Punk-metal trailblazers Thorazine return to raise the dead (squirrels)

Please note: This article is published as an archive copy from Philadelphia City Paper. My City Paper is not affiliated with Philadelphia City Paper. Philadelphia City Paper was an alternative weekly newspaper in Philadelphia, Pennsylvania. The last edition was published on October 8, 2015.

"I was part of a movement that showed a generation of women they could rock out in any way they wanted."


NITRO/NEW: Thorazine as they appear today — Jo-Ann Rogan, Dallas Cantland, Elliott Taylor and Ross Abraham.
Sarah R. Bloom

Jo-Ann Rogan lays it all out cold: “Back in the day, I was part of a movement that showed a generation of women they could rock out in any way they wanted, even if it meant playing night-after-night with nothing but guys.” She and the rest of driving punk-metal band Thorazine were one of Philly’s finest in the ’90s.

“Now I’m here to say you can be a woman of a certain age and you don’t have to disappear into PTA meetings and cookie sales. You can scream and yell and rock out with the best of them and go to the PTA meetings. Women don’t have to become invisible at a certain age.”

Now 47, Rogan is reuniting the quartet she joined in 1993, the group that also featured drummer Dallas Cantland, bassist Ross Abraham and guitarist Elliott Taylor (her husband and the father of their two children). With her raging deadpan voice out front, Thorazine toured relentlessly and dropped two albums — Crazy Uncle Paul’s Dead Squirrel Wedding in 1996 and Vicious Cycle in 1998 — along with several singles and EPs. Personal dramas busted them up by the early 2000s.

Last year, the Dionysus/Hell Yeah label re-released Thorazine’s back catalog on iTunes, but the members hadn’t been in the same room for 10-plus years when documentarian Heather Gillespie tweeted Rogan asking what happened to the Dead Squirrel Wedding artwork. The cover was what it sounds like: 70 taxidermied squirrels arranged in a matrimonial scene.

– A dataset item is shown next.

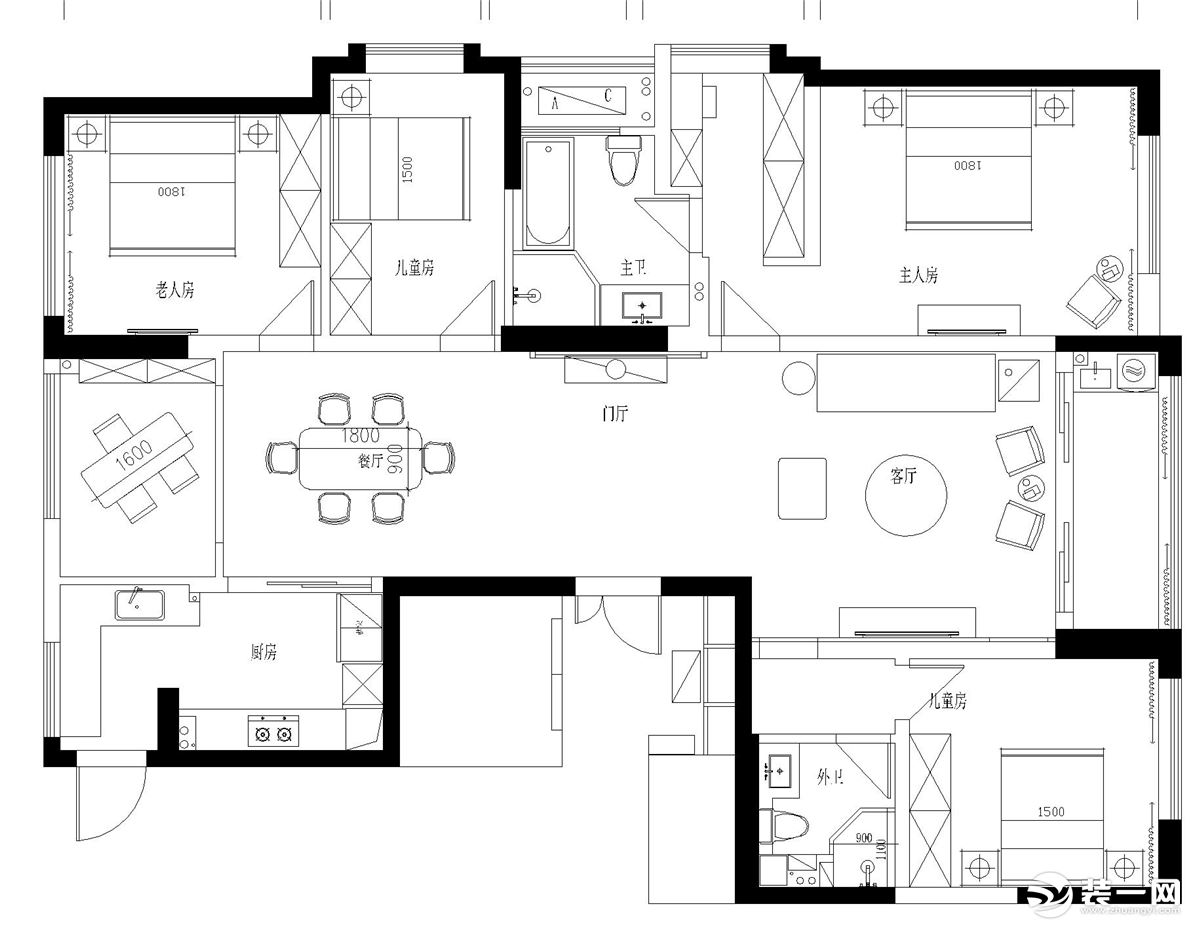 【红蚂蚁装饰】湖悦天境150㎡+现代简约+户型图  四室两厅全包20万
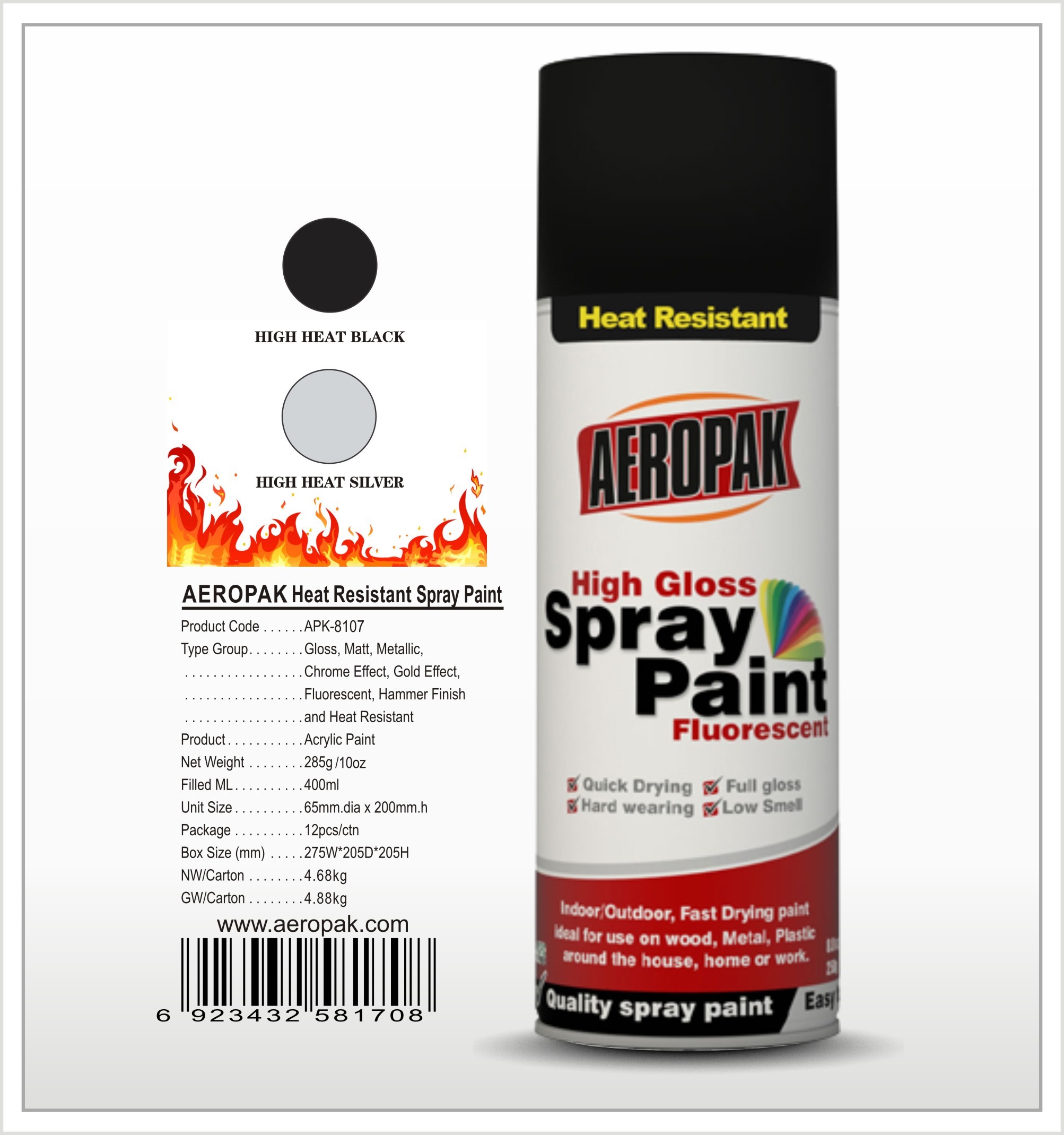 Wholesale Aeropak  aerosol can 400ml 10oz Heat Resistant spray paint with all colors from china suppliers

“I told Heather I had no idea, so she wound up finding it in the basement of an acquaintance’s house where Thorazine left it in 1996,” says Rogan. Now, not only is Gillespie getting the little stuffed rodents restored, the filmmaker has started a documentary about the Wedding as a work of art and its connection to the band. 

“Thorazine was estranged when she contacted us, reunited in person for the first time when we filmed our interviews for her documentary, and discovered we had changed, but still had incredible chemistry.” Cantland and Rogan started emailing. They made a Thorazine Facebook page and quickly scored some likes. “We were so excited people remembered and cared that Dallas and I knew that we had to play a show,” says Rogan.

Though new songs may emerge one day, Saturday’s show concentrates the band’s back catalog and camaraderie. “Thorazine meant a ton to all of us,” she says. “To have it back in our lives is like having our cake and eating it, too.”

Sat., May 3, 9 p.m., $10, with Pagan Babies, Wally, Baptist Preachers and Bushmaster, The Fire, 412 W. Girard Ave., 267-671-9298, iourecords.com.